Directional drilling is the practice of drilling non-vertical wells. Horizontal wells tend to be more productive than vertical wells because they allow a single well to reach multiple points of the producing formation across a horizontal axis without the need for additional vertical wells. This makes each individual well more productive by being able to reach reservoirs across the horizontal axis. While horizontal wells are more productive than conventional wells, horizontal wells are costlier.
Conventionally, casings can be run all way to the surface which adds an extra cost of casing length. Other methods can include hanging the casing just above the horizontal or deviated section using a packer, a liner hanger, combination of both. Although this can be a cheaper method, it is still expensive and increases operational complexity. Alternative methods include running the casing all the way to the surface, then intervening with mechanical or chemical cuts to severe the casing at a point above the horizontal section. However, this provides uncertainty of a shape and condition of the severed portion for re-entry purposes. s.
Accordingly, needs exist for systems and methods to mechanically remove or disconnect portions of casing and assemblies from a wellbore, while the assemblies are within the wellbore.
Embodiments disclosed herein describe systems and methods for a tool to remove portions of casing and assemblies from a wellbore. In embodiments, a bottom sub-assembly and casing may be configured to be selectively detached from an upper sub-assembly. This may allow for tools and casing within the wellbore to be efficiently and effectively removed from the wellbore without having to cut tools downhole. Embodiments may include a bottom sub-assembly, housing, and upper sub-assembly. In other concepts, the embodiments disclosed herein may describe systems and methods for a tool to be used to severe, detach portion of the casing or assembly from the rest of the casing joints without removing the detached casing from the well bore
Embodiments may further include an upper sub-assembly connected to a collet, dogs, dies, or any other device (hereinafter collectively and individually referred to as “collet”). The collet may shoulder on a no go, the embodiments may further form two independent parts, the upper sub-assembly and the lower sub-assembly. The upper sub-assembly and the lower sub-assembly may be run in the wellbore as a single piece. The collet may be further supported with a support sleeve, which is connected to the upper sub-assembly. The support sleeve may be configured to f support the collet and prevent the collet from collapsing. The support sleeve may be connected to the upper sub-assembly via shear pins, dissolvable ring, or any other temporary coupling device.
The bottom sub-assembly may include a burst disc. In operation, the tool may be positioned within the wellbore. Pressure within the tool may be increased, and the burst disc may rupture. This may enable circulation at the top of the casing to circulate any excess cement that was bumped through the tool and through the casing shoe and back into the annulus side within the wellbore below the tool to return through the tool. The bottom sub-assembly may also include a cutout that allows for the linear movement of a support sleeve.

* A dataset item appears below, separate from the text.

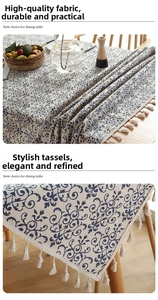 Close-up of retro blue floral pattern and cotton linen tassels on a rectangular tablecloth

The housing may have a distal end coupled the bottom sub-assembly. A proximal end of the housing may be positioned adjacent to the top sub-assembly. The housing may be positioned adjacent to a wellbore, or on an inner diameter of existing casing. This may enable the tool to be positioned within existing casing, or next to the geological formation. In embodiments, the housing may include a no-go that is configured to decrease the inner diameter from a first inner diameter to a second inner diameter. The no-go may be configured to limit the movement of the upper sub-assembly towards the distal end of the housing in a first mode of operation, while allowing the movement of the upper sub-assembly towards the distal end of the housing in a second mode of operation. In other concepts, the outer housing may be a part of the upper sub or the bottom sub.
The top sub-assembly may include an outer sidewall, adjuster sleeve, and support sleeve. The outer sidewall may be configured to be positioned adjacent to the distal end of the housing in the first mode of operation, and be coupled to the adjuster sleeve. In other concepts, the support sleeve may be a part of the bottom sub-assembly.
The adjuster sleeve may include an upper portion, shaft, and lower portion. The upper portion may include a groove, positioned on an inner sidewall of the adjuster sleeve, which is configured to receive the support sleeve in the first mode of operation. An outer sidewall of the adjuster sleeve may be configured to be positioned adjacent to the housing. The shaft of the adjuster sleeve may be configured to increase an inner diameter across adjuster sleeve between the upper portion and lower portion of the adjuster sleeve. The lower portion of the adjuster sleeve may include an inner projection and an outer projection. The inner projection may be configured to decrease the inner diameter of the lower portion of the adjuster sleeve, and the outer projection may be configured to increase the outer diameter of the lower portion of the adjuster sleeve.
The support sleeve may include a seat, first outcrop, and second outcrop. The seat may be configured to decrease the inner diameter across the support sleeve, and allow a ball to rest within the support sleeve. Responsive to the ball being positioned on the seat, pressure within the tool above the ball may increase, allowing the support sleeve to detach from the adjuster sleeve at a first location and move towards the distal end of the wellbore. This may allow the support sleeve to move towards a distal end of the wellbore. In other concepts, the support sleeve may be connected to the bottom sub-assembly.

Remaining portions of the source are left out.